— Your task —
Line by line, restate the material word for word, omitting any image.

— Raw data —
- - -

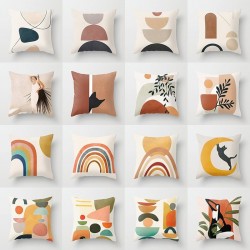 Design abstrato impresso - capa de almofada - poliéster - 40 * 40cm - 45 * 45cm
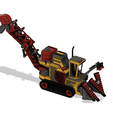 Yellow-Sugar-Cane-Harvester1.png Yellow Sugarcane Harvester With Movements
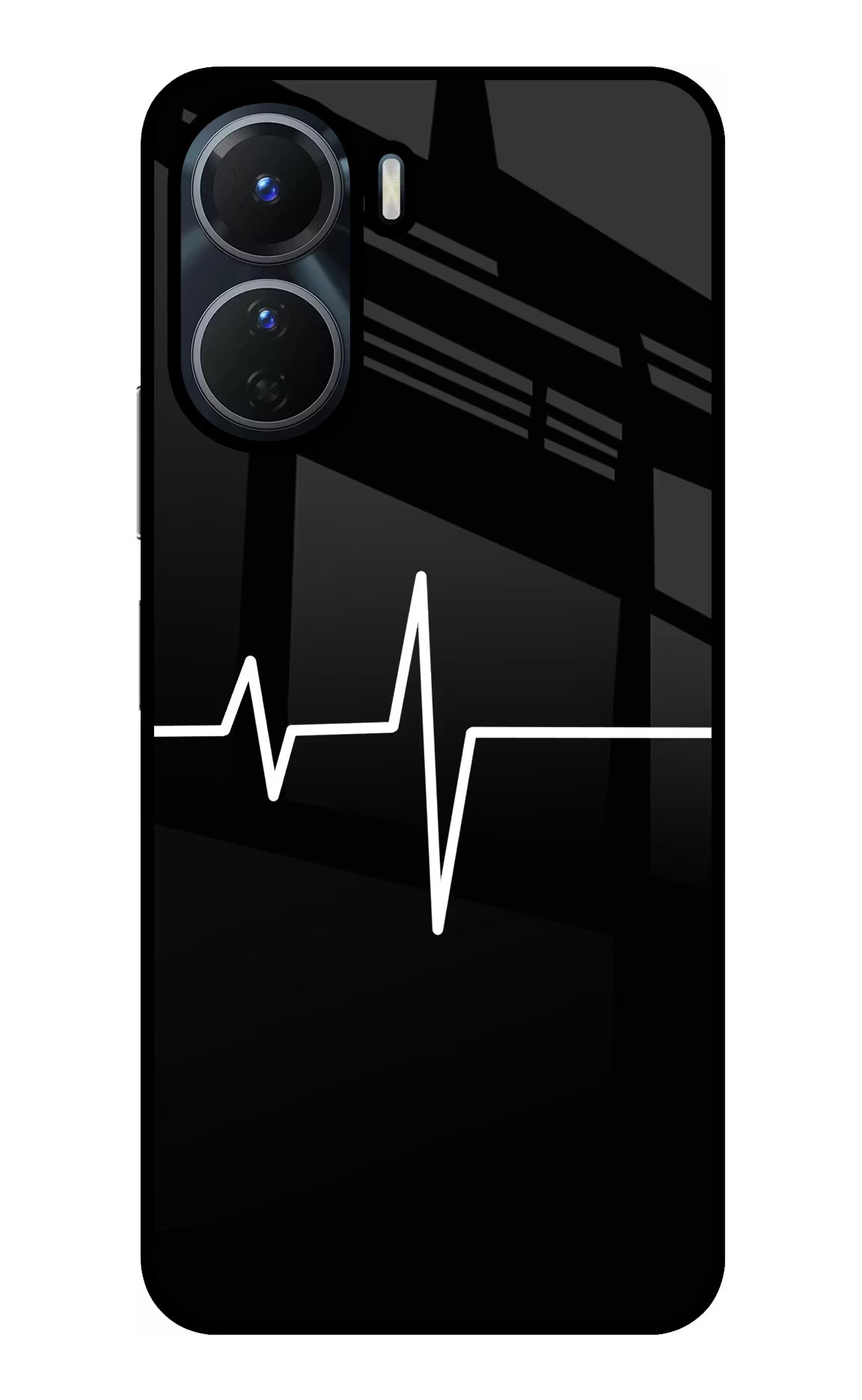Heart Beats Vivo T2x 5G Glass Case - Heart Beats Vivo T2x 5G Glass Case Heart Beats Vivo T2x 5G Glass Case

- - -

— Output of the task —
 Design abstrato impresso - capa de almofada - poliéster - 40 * 40cm - 45 * 45cm
 Yellow-Sugar-Cane-Harvester1.png Yellow Sugarcane Harvester With Movements
Heart Beats Vivo T2x 5G Glass Case - Heart Beats Vivo T2x 5G Glass Case Heart Beats Vivo T2x 5G Glass Case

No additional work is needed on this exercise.